Denise Le Dantec (1939 -) : mémoire des dunes
mémoire des dunes
à Reinout
Stries
sur le gris arraché
à l’extrême du pays
sous l’œil,
c’est un champ de mémoire,
intact,
qui se retire
les vagues ne viennent plus
l’herbe s’annule
Peut-être,
une membrane
pour écrire
un silence de poisson
Ramures
sur l’étendue du sable,
preuve
par-delà l’oiseau blanc
qu’ici écuma l’océan
le mot humecté de salive
de tout ce qui commence
Vagues sédimentées,
l’étoile vivante du carex
accuse l’état blanc-sombre
de toute lumière
lointaine
remémorée
Matière étale
et sourde,
séparée de son eau
excoriée
la phrase écrit sa phrase
dans la phrase
Le geste simple du pinceau
suspendu avec l’encre
au-dessus de l’étendue natale
qui craint
Intimité
de l’espace :
la pulsation
raye :
la confusion des sables
à la surface
Au noir de l’œil
dans l’épars,
plantation de racines
le sable s’ouvre
pour voir
Pauvres,
les semences de la nuit
à déchiffrer
dans les alphabets
absents des botaniques
Et c’est un peu la pluie,
parmi les joncs,
qui fait briller
dans l’explosion de vent
qui les agite
avec des larmes
les mots
Immense
rosée de mer
dans la vallée des gneiss
les lumières
se raniment
De tertre en tertre,
le chardon
chiffre son bleu mouvant
où cela cingle
Etoile de mer,
posée,
en extase
sur le chemin
A l’instant clair
où l’œil,
ouvert plus haut,
apaise sa soif
dans ce qu’il voit
de l’océan
Semis silencieux
des lilas de mer
pente
d’essences
à demi-chemin
de la grande parole liquide
Rescapé des déluges,
l’oiseau signe
avec la lumière
et l’aile encore humide
vole dans l’air marin
Contrée
du rien et du multiple
avec cette marge de clarté
unique
ouverte sur le limon
Chargé de bleu
et d’indigo
avec la houle,
l’œil
voit
en regardant la mer
Sous l’entrepôt d’étoiles
les caissons
versent
dans la magie
Intempestif
le poisson gît sur le roc
avant l’immersion bleu-nuit
feuilletée de vagues
Ortie de mer
où se dévêt l’écume,
l’à-peine fleurie
détachée de la vague
Rompu au vent
le pétrel
risque le bec
au point brisé
de l’eau
et crie
Stridence finale
de la parole
dans les traverses
vert-océan
... Nous conversons ensemble dans le bleu de l’obscur. D’un côté trop de mer,
trop de sable de l’autre. Les étoiles brillent suspendues aux roseaux poussés
au bord du ciel.
A qui offrir cet abandon si vaste qui tantôt nous altère tantôt nous inonde ?

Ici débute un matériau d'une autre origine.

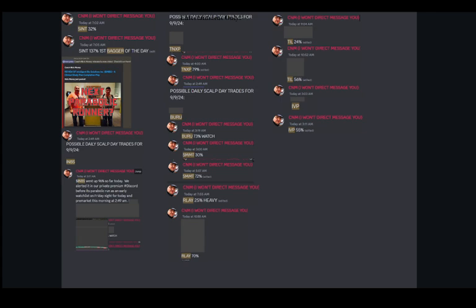We alerted to our private Discord members SINT pre-market today before it ran up parabolic 137%. We also alerted them to INBS pre-market today before it ran up 96%. And TNXP was alerted to our Discord members pre-market today before it ran up 79%. We are just made different, just made different. This is what we do, folks. And the early bird gets the cash.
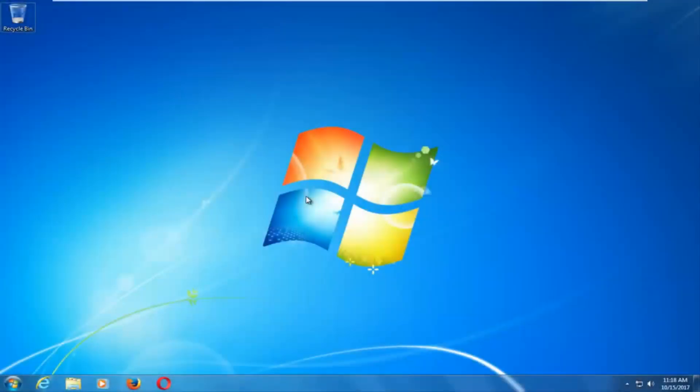Hello everyone, how are you doing? This is MD Tech here with another quick tutorial. In today's video I'm going to show you guys how to repair Windows startup issues you might be having on your Windows 7 computer.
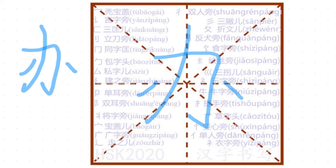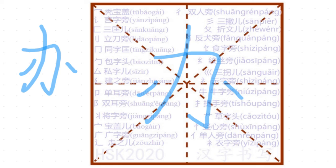辦理, it's a formal way to say 辦, 辦理. 承辦, 主辦, 這個城市要主辦奧運會, meaning to sponsor Olympic Games.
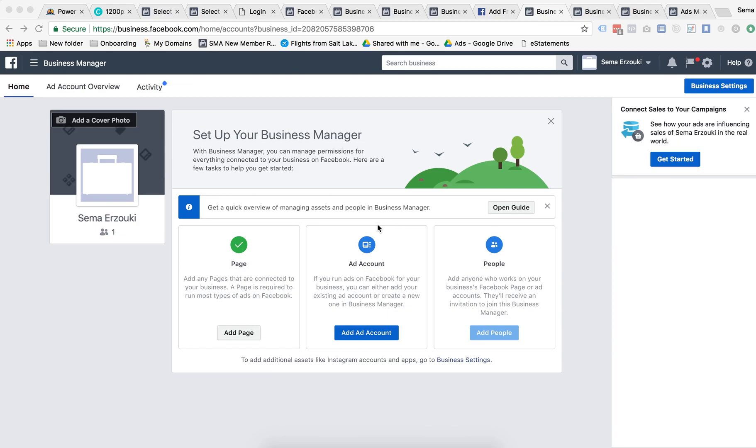Hey guys, Sama from Dan Henry's team here. In this video I'm going to show you how to request access to an ad account if your client already has one. On this page you're going to go to add ad account and then you're going to press request access.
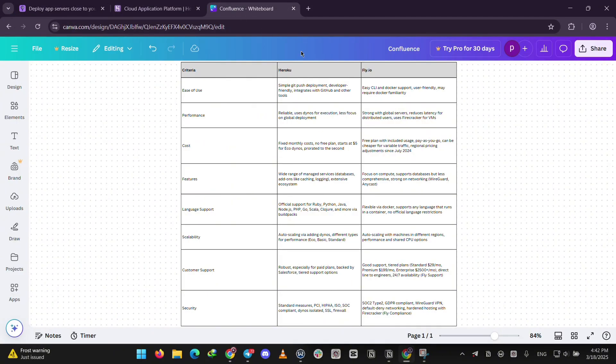So how do they stack up? Heroku is super easy with git deployment and tons of managed services. Think databases and add-ons. It's best for projects needing a full setup without much tweaking.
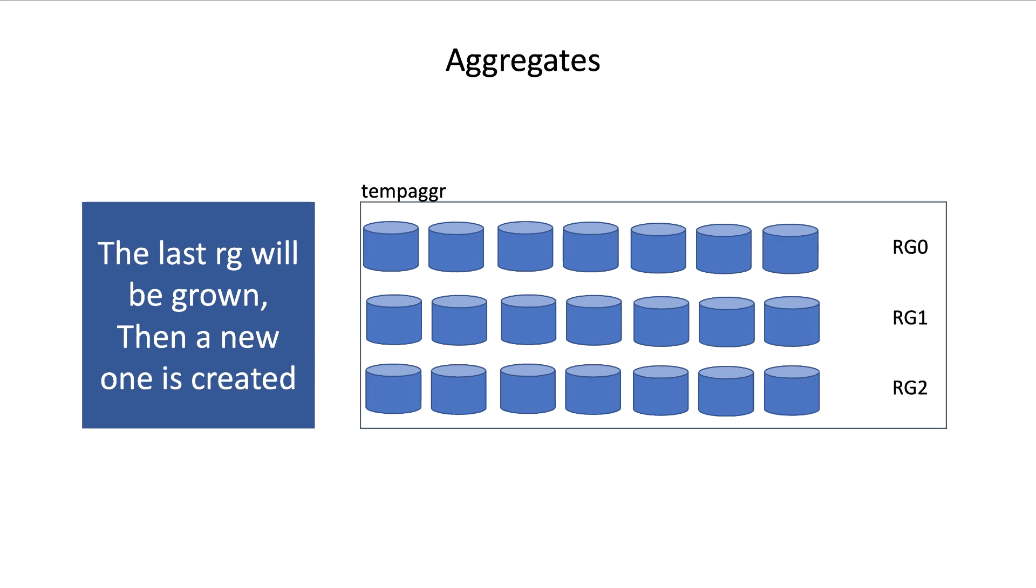So, to equalize the RAID groups, we'll have to add one disk to RAID group 0, and one disk to RAID group 2. Now, let's do that.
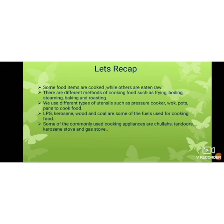Some of the commonly used cooking appliances are chulas, tandoor, kerosene stove, and gas stove. So this is all that we have learnt in this session, children, in this chapter.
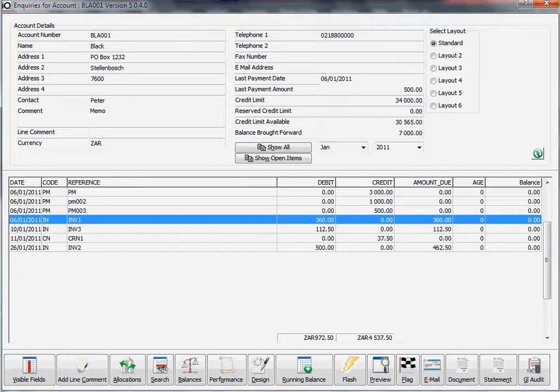What is allocations? Every credit transaction that you create, you have to allocate it to a debit.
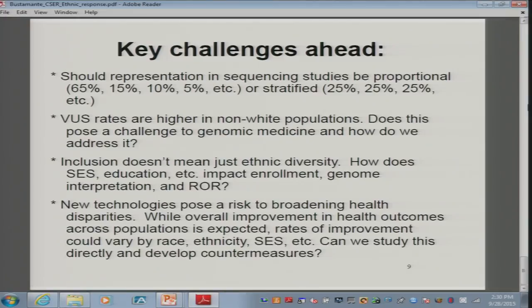My last slide is some thoughts on how to frame the discussion and what I see as the key challenges. The first is: do we want representation to be proportional — 65% whites, 15% African Americans, 10% Hispanics — or do we want stratified sampling? Those are tough decisions, and because you're in a clinical context, you may not even be able to get stratified sampling. So you have to think hard about the next set of sites. The second big challenge is how are we going to break the higher VUS rate in non-white populations? That's a really important question requiring deep thought and some pilots.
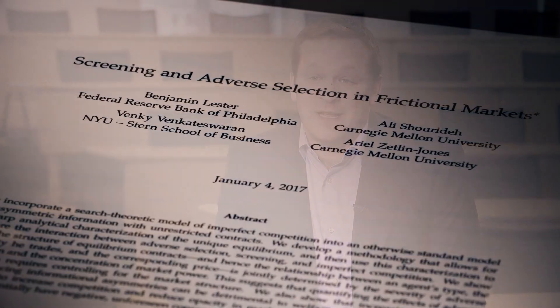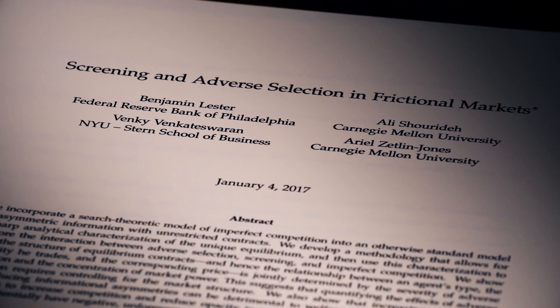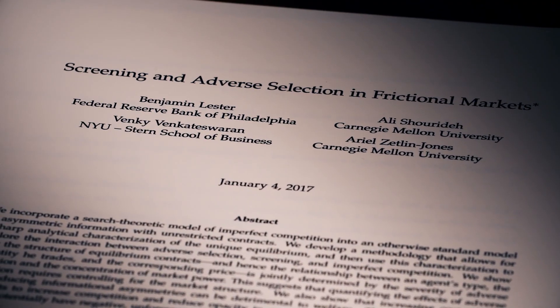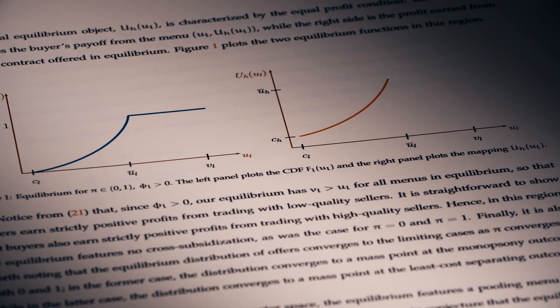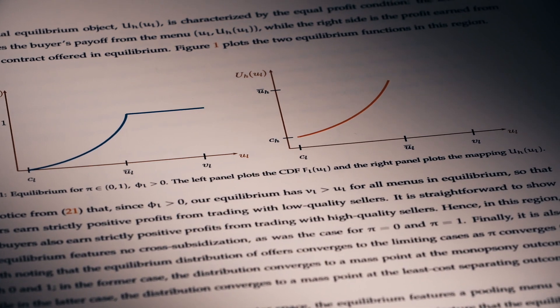My paper, 'Screening and Adverse Selection in Frictional Markets,' focuses on the economics of information and competition in financial markets. In the wake of the financial crisis, there are a lot of policies intended to promote competition and transparency in financial markets — basically trying to make financial markets behave more competitively and make it easier for investors to know and understand prices in financial markets.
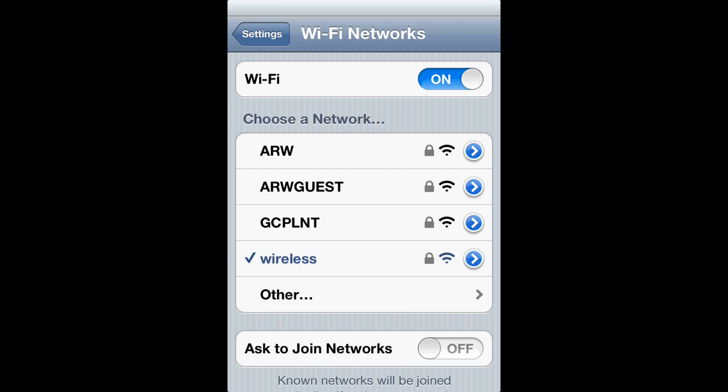When you're ready, open up the settings app and then tap on the Wi-Fi tab. You'll now be presented with a list and you're probably already connected to the network.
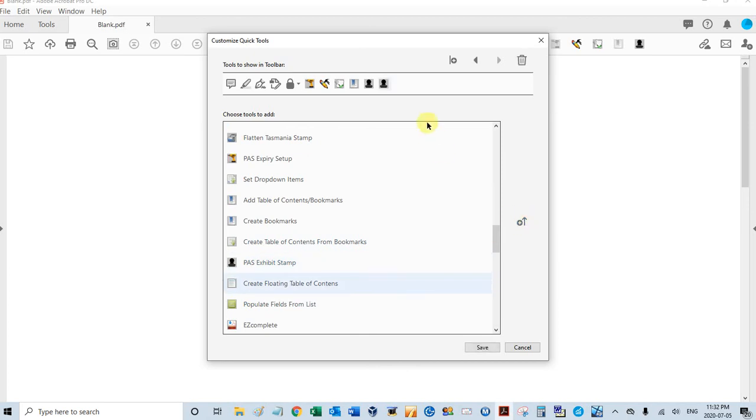You saw it pop in right here. I'm going to select that up there and move that all the way to the left, right there.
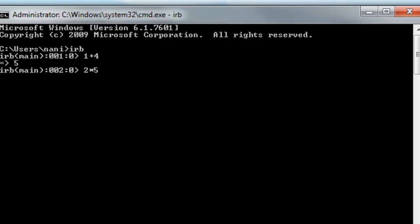1 plus 4 returns 5, 2 times 5 returns 10, 25 divided by 5 returns 5. Easy, huh? Very good.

Il n’y a ici ni stupeur ni espoir.
L’immense s’assemble sous un grain de sable et s’évapore loin là-bas.
Et de ce pays fatal qu’en créant je parcours rien ne reste à donner sinon, ô
lèvres fermées en espérance de sel, ce segment d’océan tombé en déshérence.
mémoire des dunes
Editions Folle Avoine, 35850 Romillé, 1985
Voir aussi :
« Nous ne sommes plus rien… » (29/01/2017)
Les fileuses d’étoupes (I) (18/10/2017)
Mésange (06/10/2018)
Les fileuses d’étoupes (II) (05/09/2020)
Les fileuses d’étoupes (III) (04/04/2021)
Les fileuses d’étoupes (IV) (05/10/2021)
Procné (05/10/2022)
Strophes pour une agapè (05/10/2023)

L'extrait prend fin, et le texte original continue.